Action item:
Retype the data that follows exactly. No pictures belong in the copy.

Data block:
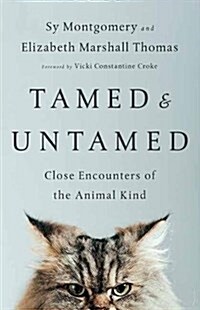Tamed and Untamed: Close Encounters of the Animal Kind (Paperback)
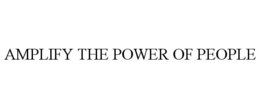 AMPLIFY THE POWER OF PEOPLE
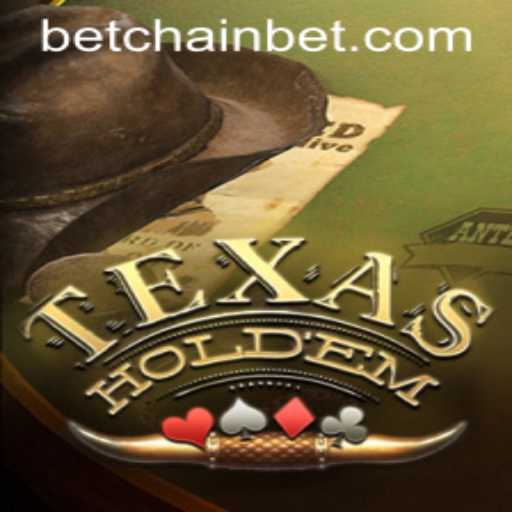 The Thrill of Texas Hold'em and the Rise of Betchain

Your response:
Tamed and Untamed: Close Encounters of the Animal Kind (Paperback)
 AMPLIFY THE POWER OF PEOPLE
 The Thrill of Texas Hold'em and the Rise of Betchain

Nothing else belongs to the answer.